There are many reasons I fly fish, but among them is meditative.  I was telling Bobbie that Fly Fish is like rock climbing in that I'm totally focused on the task at hand but it's less dangerous.  To which Bobbie asked my if I've every been hurt when I used to rock climb (vs Broken Ankle Fly Fishing).  Nope, good point.

I fly fish instead of spin casting because I want to understand the fish, river, flys, etc. and not use a blunt instrument with its only goal of catching fish.

I've been fishing up in Bakersville for the last few weeks.  The creek is small (~10 feet wide), clear with sections of ripples, rocks and some pools.  I avoid the pools as the spin casters clean those out and I focus on the remaining sections.  For these I used a dry fly.  This is where the fly rides on the top of the water and the trout comes to the surface and grabs it.  With this action you can see the fish "rise", break the surface and head back down.  You get to see all the action. 

But it does not always happen this way.  

If the fly does not drift just right with the current, the fish will notice.  If the fish notices the fly is not real with the touch of its mouth, it will spit it out and notice.  If you are not quick enough with setting the hook, the fish will not be caught.  If the fly goes under the surface of the water the fish will not bite.  If the fly drifts too far to the left or right of the fish it will not go after it.  After the nth cast to the same fish and spot the fish will have moved on or ignore your fly (you need to then wait about 20min to try again)

A lot needs to go right for dry fly fishing to succeed.  It's not just a number game where the more casts you through to higher percentage of hooks.

I do a lot of casts in different areas to see if I can even find where the fish are.  I kind of know where they should be, but these casts may tell me if there are really any fish there.  I look for any type of movement in the water under or near my fly.  If there is, then I focus on the spot and try to get them to grab my fly.  Focus, focus, focus.

Now my trip to East Fork Pigeon yesterday is a wild trout stream with rocks, pools ripples, etc.  These fish are also going after dry flys (or at least that's what I was using), but it's very different fishing.

Wild fish are spooked very easily so I can just lean over a section and look for them.  They see me before I see them.  When I do see them it's already too late and I see them scoot away.  So that leaves me with focusing on casting where they should be and casting further away so I don't spook them.  If there is a hatch (of bugs) going on then I may spot them grabbing real bugs, but if not it's just casting with a good "drift" into likely spots.

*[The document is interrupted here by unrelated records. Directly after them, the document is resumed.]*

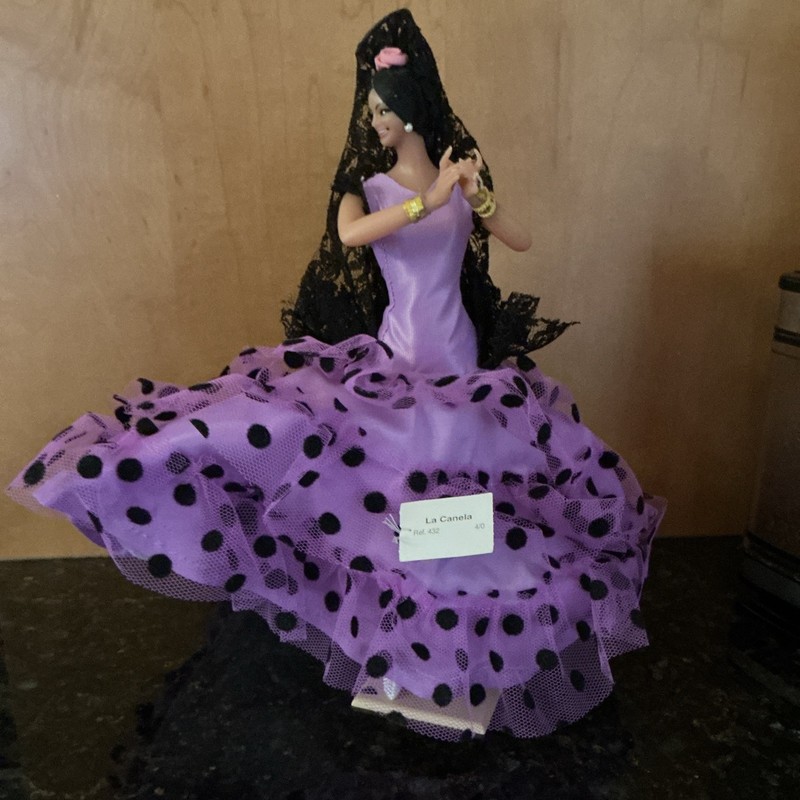 Marin Chiclana Flamenco Dancer Woman Figurine Purple Polka Dot Dress Black Veil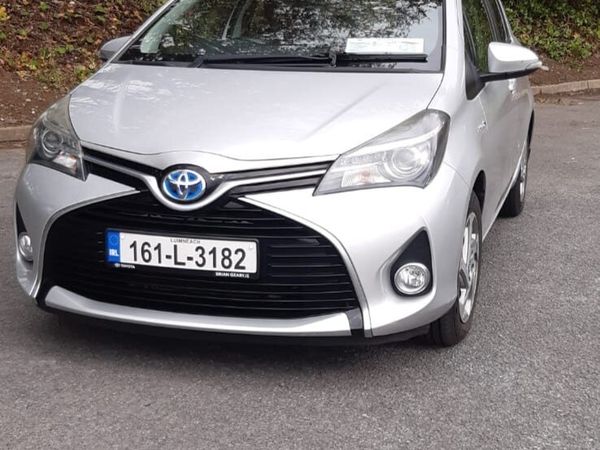 Toyota Yaris Hatchback, Petrol Hybrid, 2016, Silver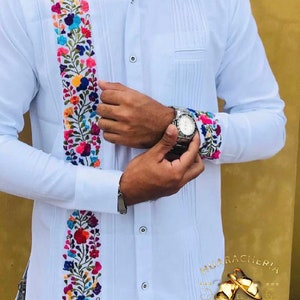 Long Sleeve Elegant White Guayabera, Handmade artisan designer embroidery formal dress shirt for men | Guayabera de Lino hecha a mano.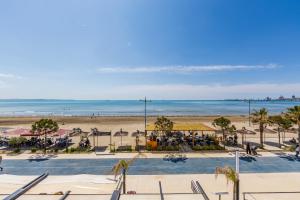 Sea View Apartment Durrës Waterfront by PikHost
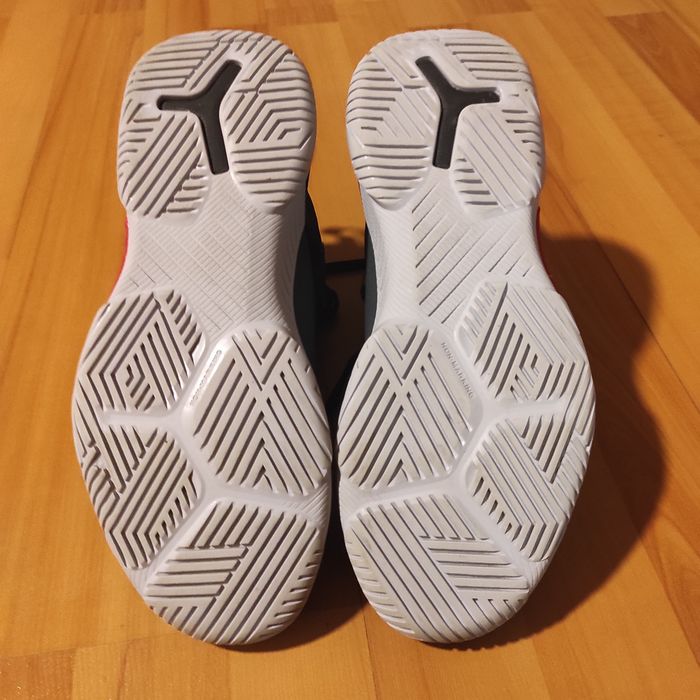 Adidași de baschet mărimea 39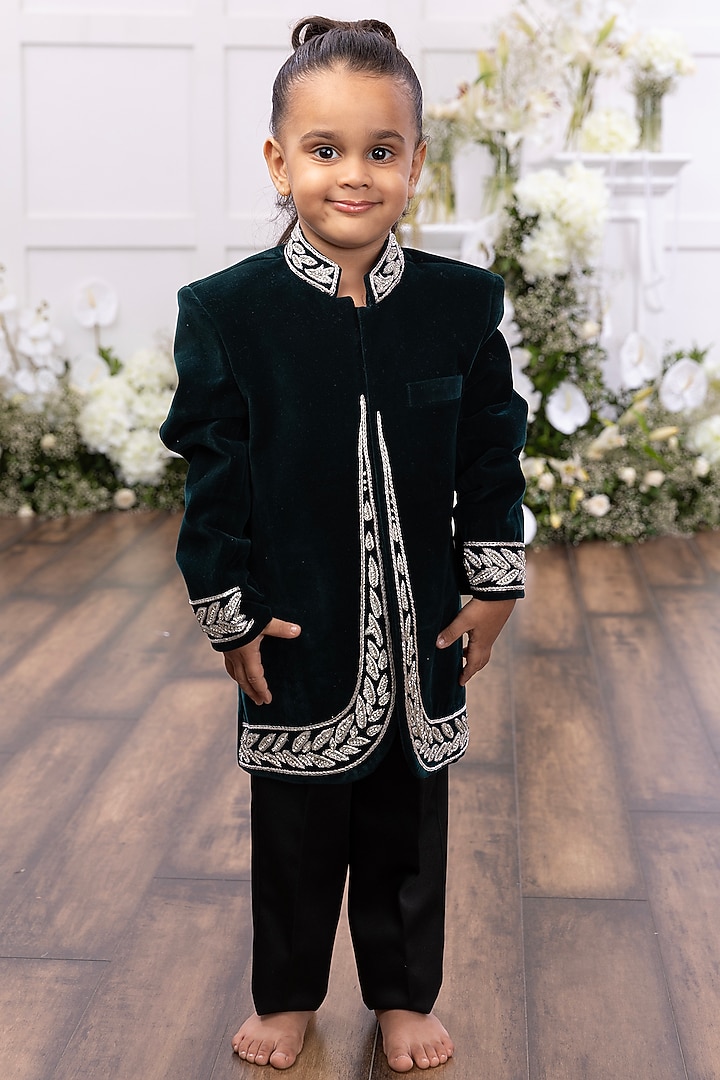 Emerald Green Velvet Embroidered Bandhgala Set For Boys by Tinsel Kids at Pernia's Pop Up Shop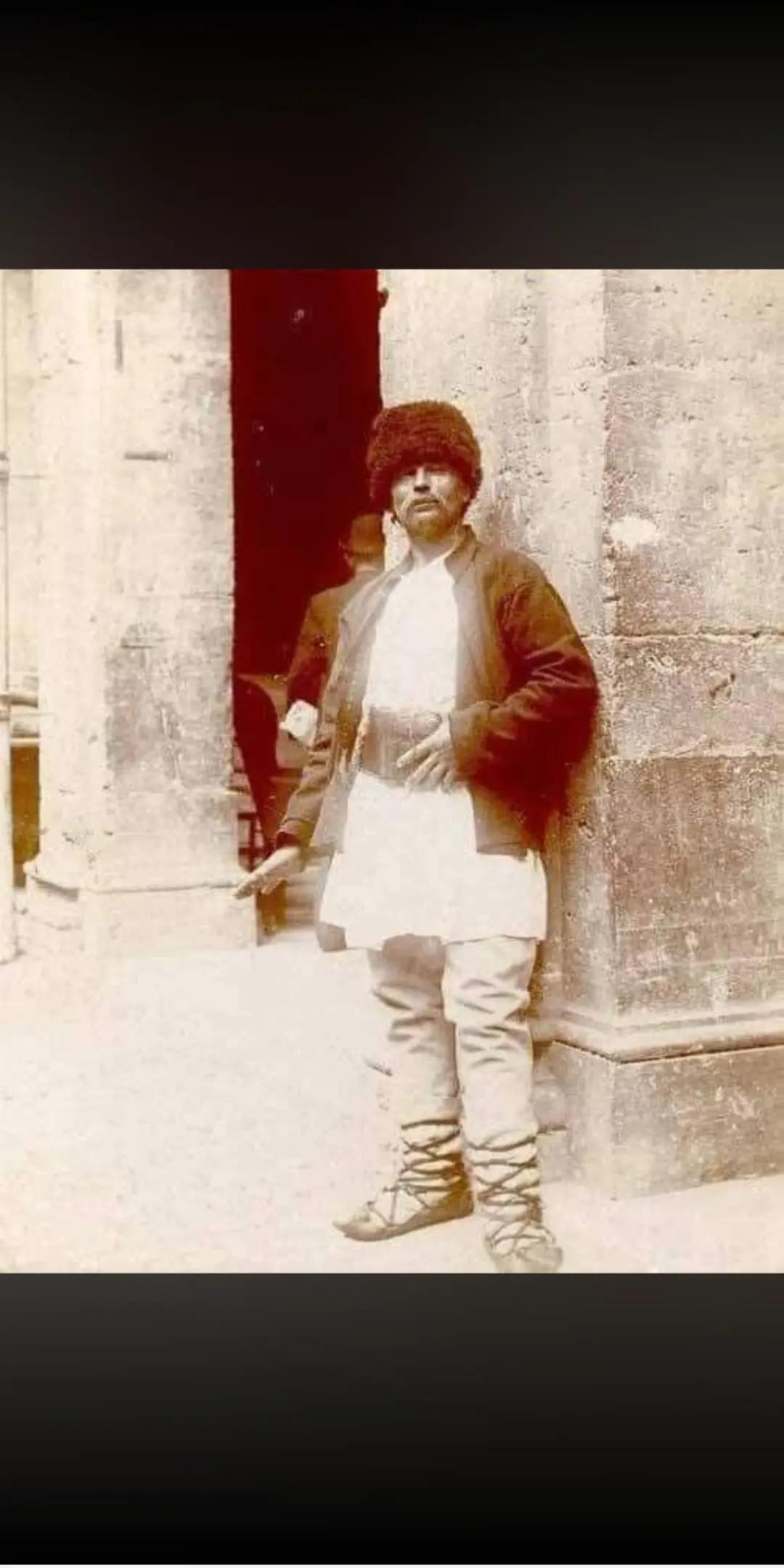 @Plan&acirc;nd &icirc;n ad&acirc;ncuri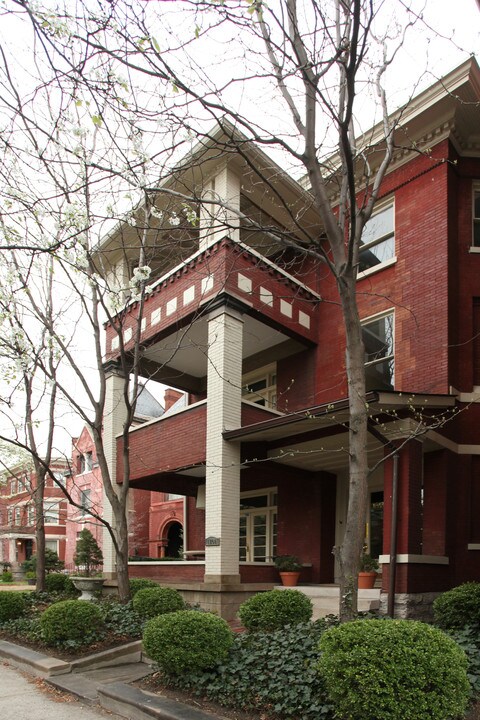 1204 2nd St in Louisville, KY - Building Photo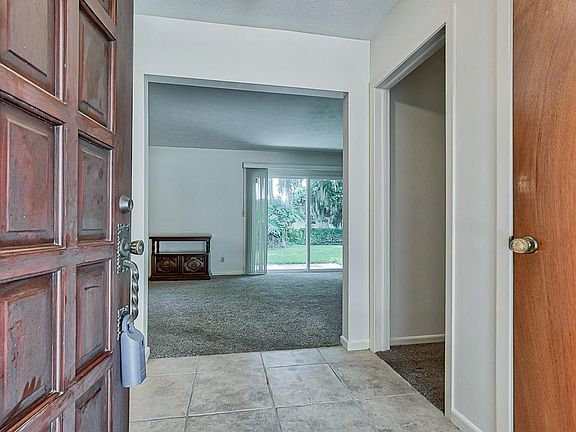 5th image of 4939 Brighton Dr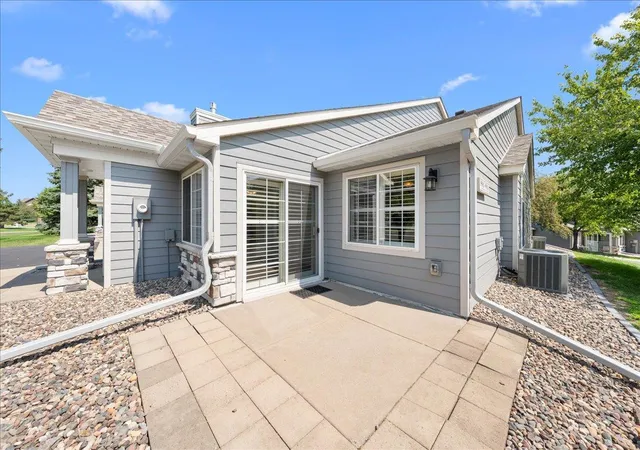 Photo 4 of Sale Pending at 9961 Tamarack Cvs, Saint Paul, MN 55125 | MLS# 7127387 | Listing updated on 2026-09-02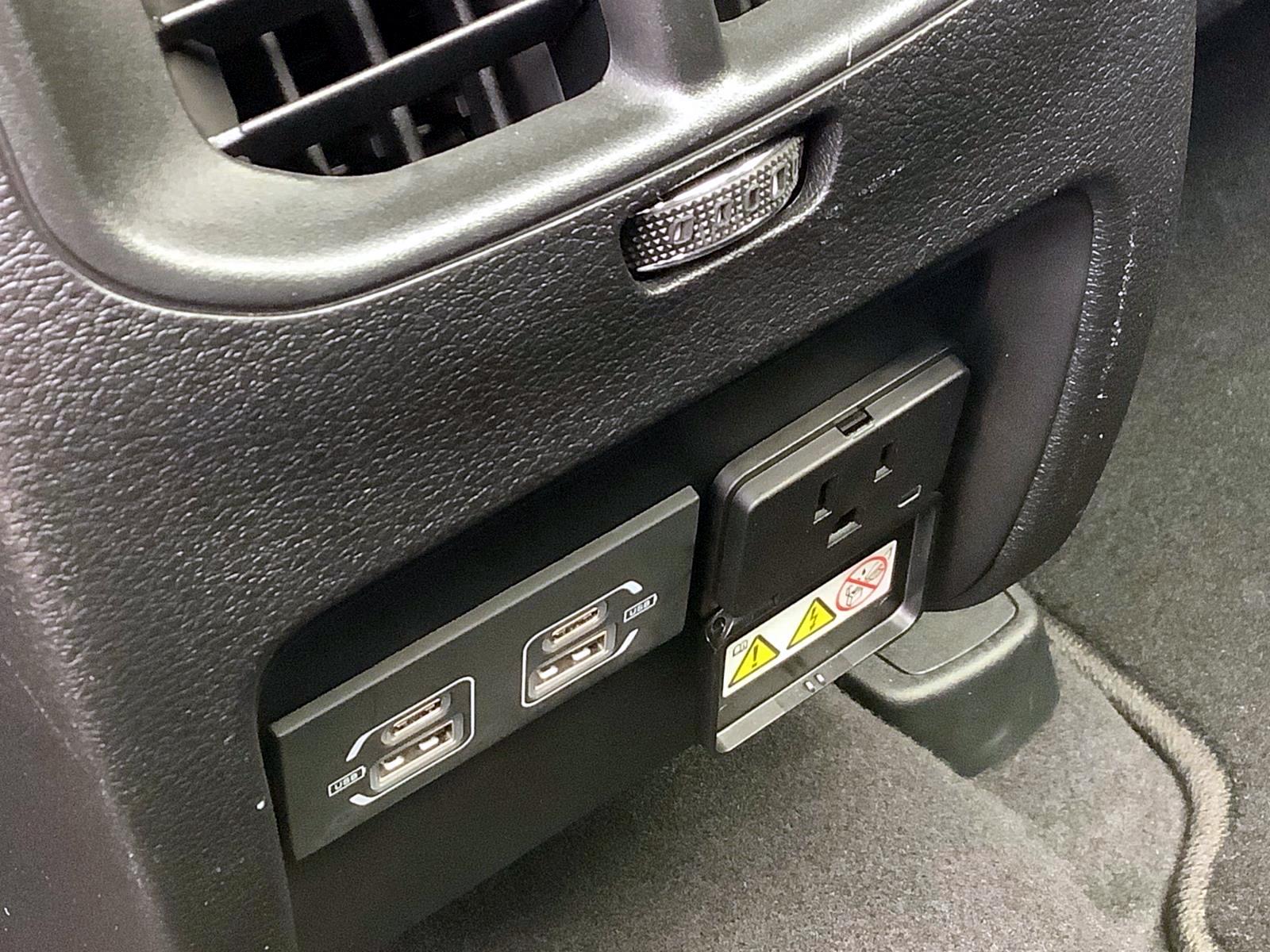 2022 Jeep Cherokee Limited photo 29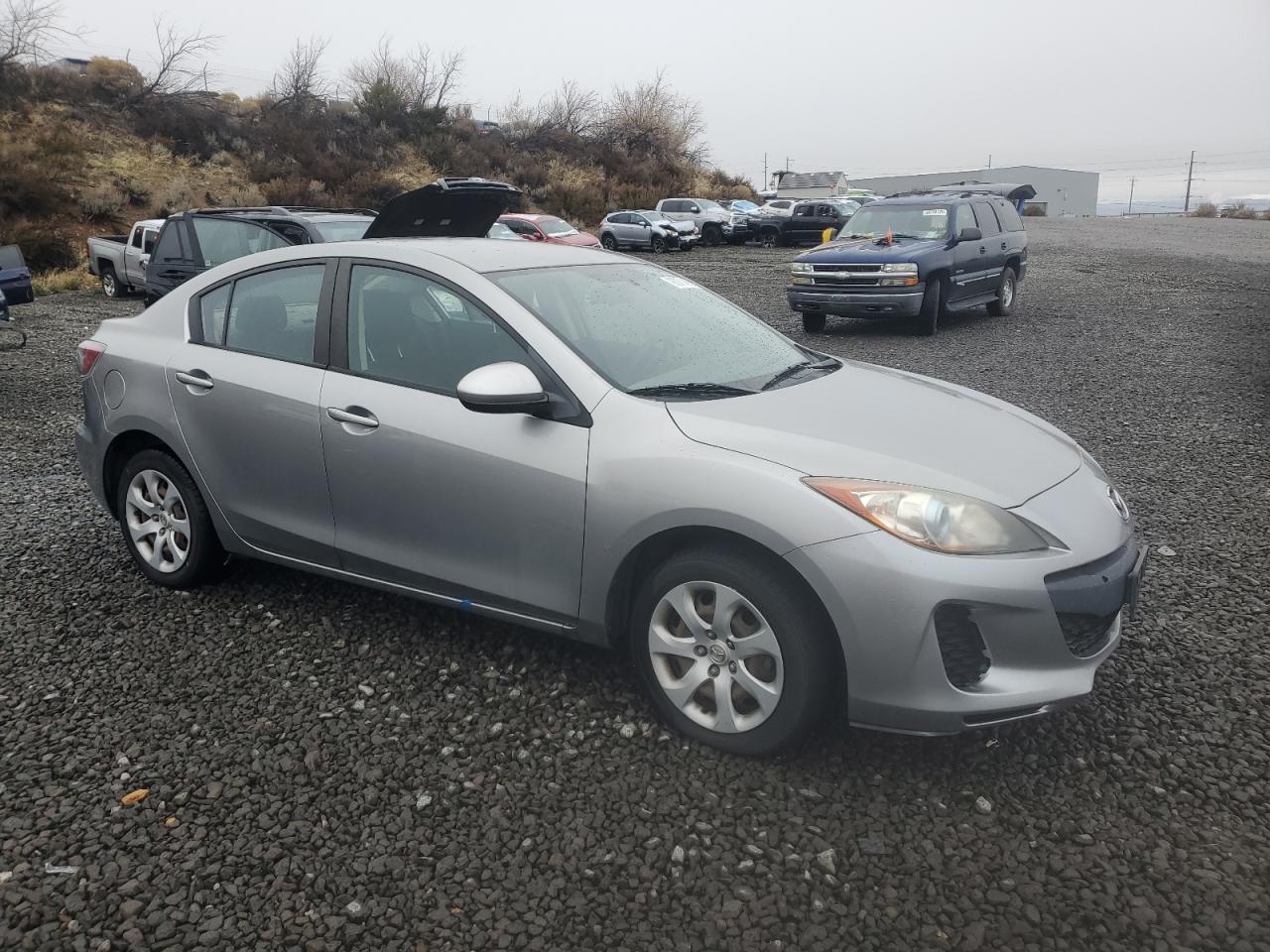 MAZDA 3 I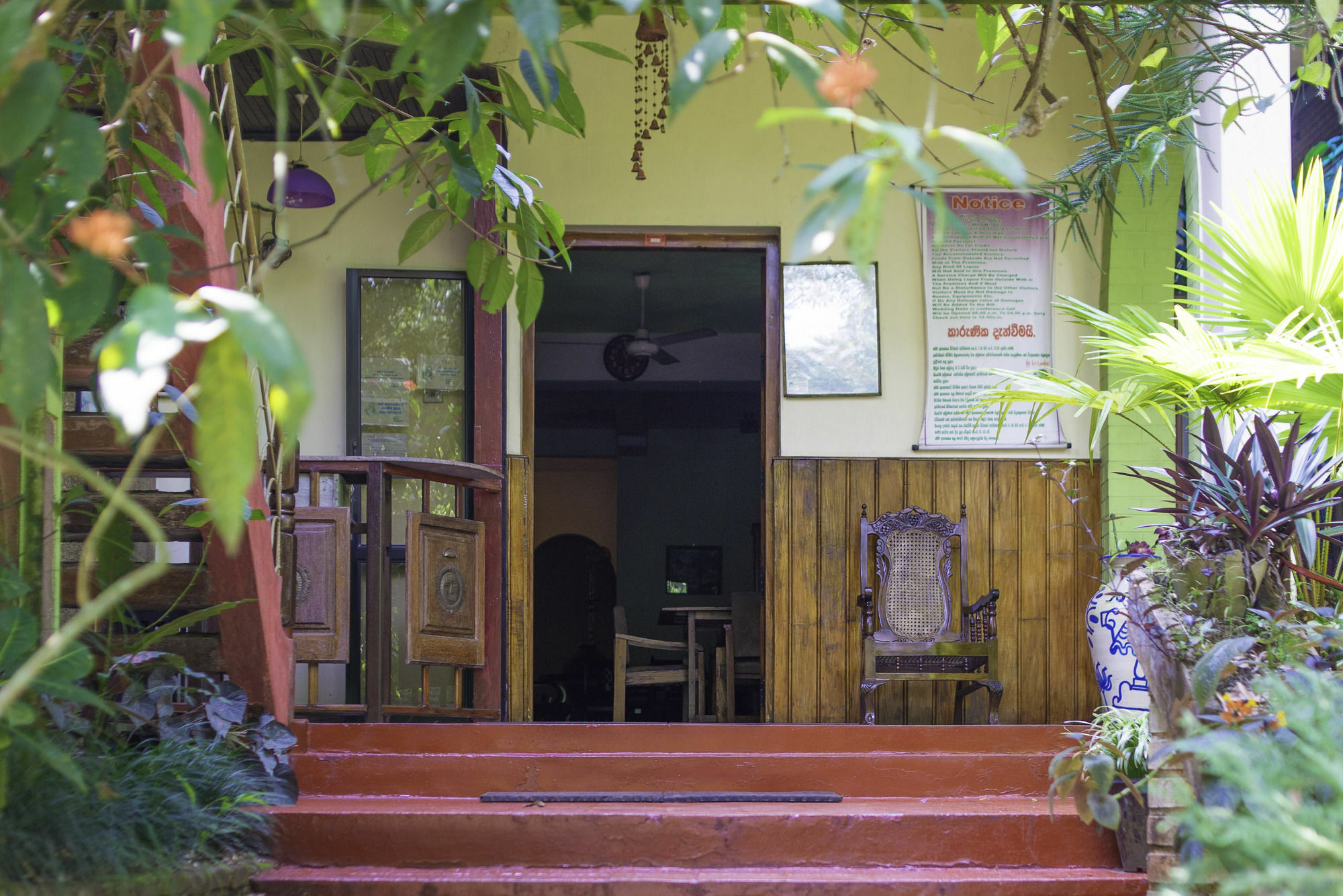 Hotel Gem Land Ratnapura Kültér fotó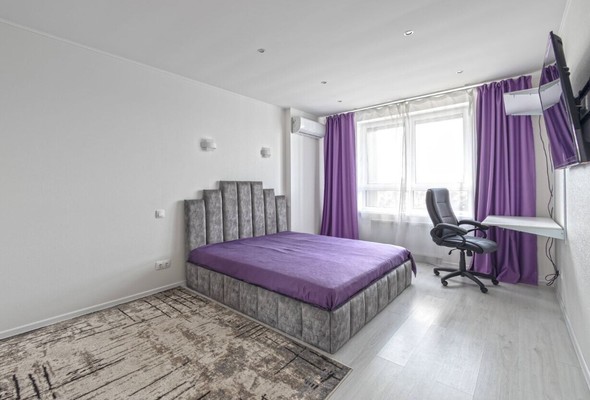 Продам двухкомнатную (2-комн.) квартиру, Поляны ул, 5, Москва г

I did ok with my first time into East Fork of the Pigeon river.  I caught 3 and lost 1 there.  But it was hard work, lot's of focusing of the cast, drift and walking in the river on rocks.  

My point is that every day fly fishing is different and you need to adjust based on location and conditions.  And for that you need to put in a lot of days.  Days where nothing works and some that it does.  My goal is not to catch and keep trout but to understand myself, the water and the trout.  This keeps me out of trouble.